= Problem =
When you copy the records, keep every word exact and leave the pictures out.

= Extracted data =
:::

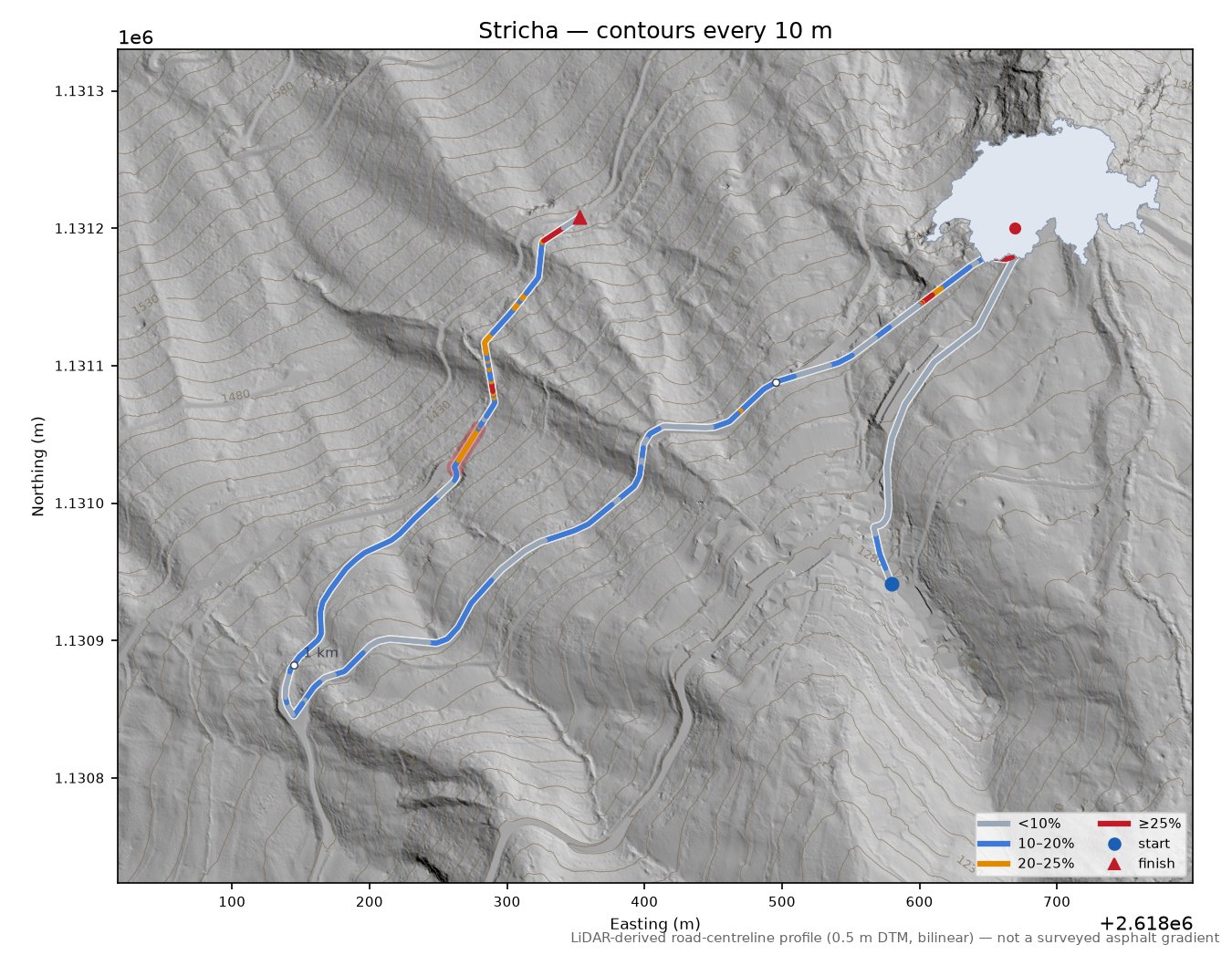 Stricha LiDAR hillshade map with contours
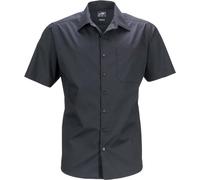 Men's Business Shirt Short-Sleeved Klassisches Shirt aus strapazierfähigem Mischgewebe schwarz, Gr. 5XL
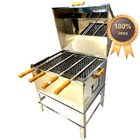 Churrasqueira Bafo 25kg Carvão Inox Profissional Camping Gif1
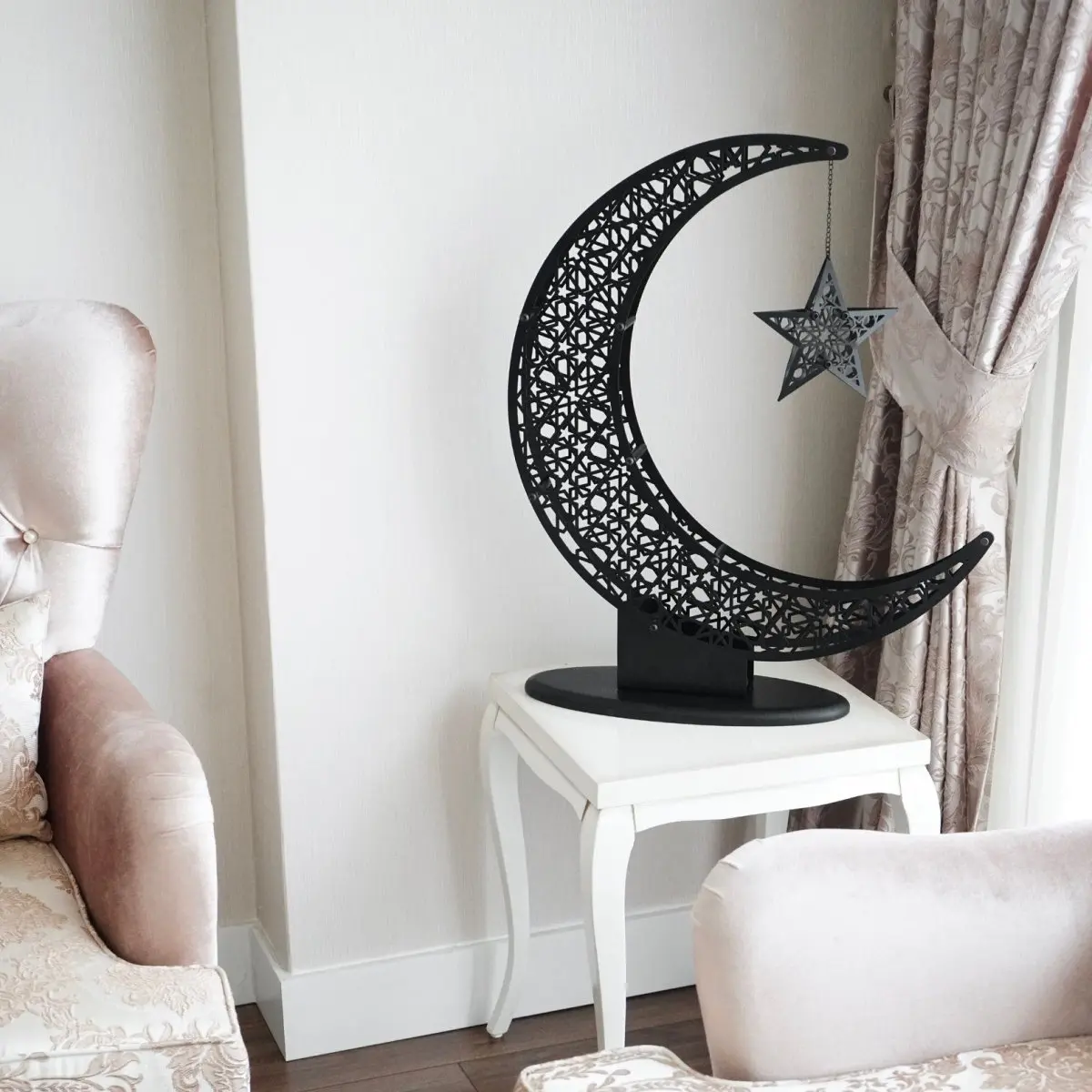 Crescent & Star Ramadan Decor - Metal Islamic Home Decoration image 11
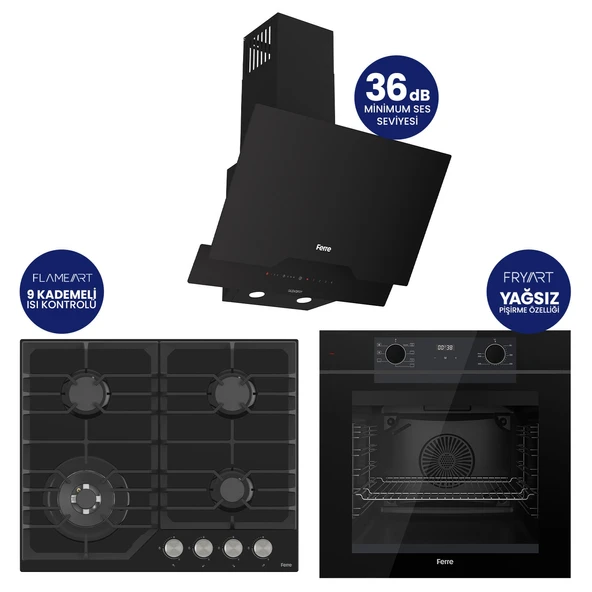 Fryart Digital Asimetrik Cam Ankastre Set QEP63CS+NT025-WFA+D063-SA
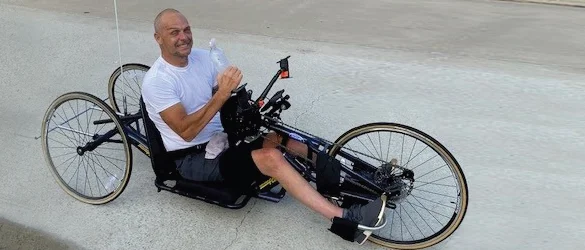 a man sitting in a wheelchair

:::

= Answer to this task =
 Stricha LiDAR hillshade map with contours
 Men's Business Shirt Short-Sleeved Klassisches Shirt aus strapazierfähigem Mischgewebe schwarz, Gr. 5XL
 Churrasqueira Bafo 25kg Carvão Inox Profissional Camping Gif1
 Crescent & Star Ramadan Decor - Metal Islamic Home Decoration image 11
 Fryart Digital Asimetrik Cam Ankastre Set QEP63CS+NT025-WFA+D063-SA
 a man sitting in a wheelchair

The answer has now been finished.